═══ Data for review

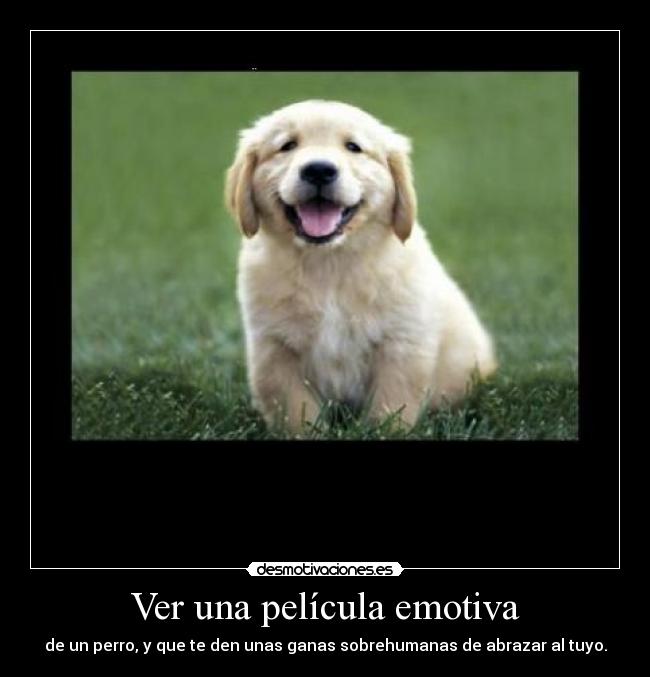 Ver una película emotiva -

══════
═══ Data for review

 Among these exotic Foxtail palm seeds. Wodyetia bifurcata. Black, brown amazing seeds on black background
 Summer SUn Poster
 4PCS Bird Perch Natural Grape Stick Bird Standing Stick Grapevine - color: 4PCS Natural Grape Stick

══════
═══ Data for review

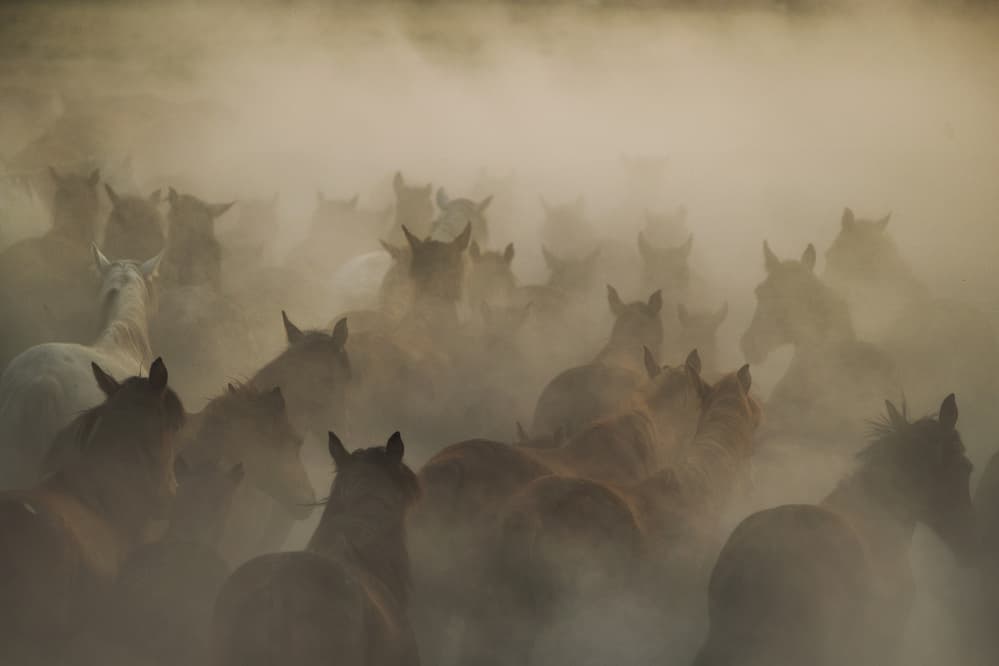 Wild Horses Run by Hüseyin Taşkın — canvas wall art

══════

Work item:
Reproduce verbatim the lines above, from the line with "Among these exotic" through the line with "4PCS Bird Perch".

Answer section:
 Among these exotic Foxtail palm seeds. Wodyetia bifurcata. Black, brown amazing seeds on black background
 Summer SUn Poster
 4PCS Bird Perch Natural Grape Stick Bird Standing Stick Grapevine - color: 4PCS Natural Grape Stick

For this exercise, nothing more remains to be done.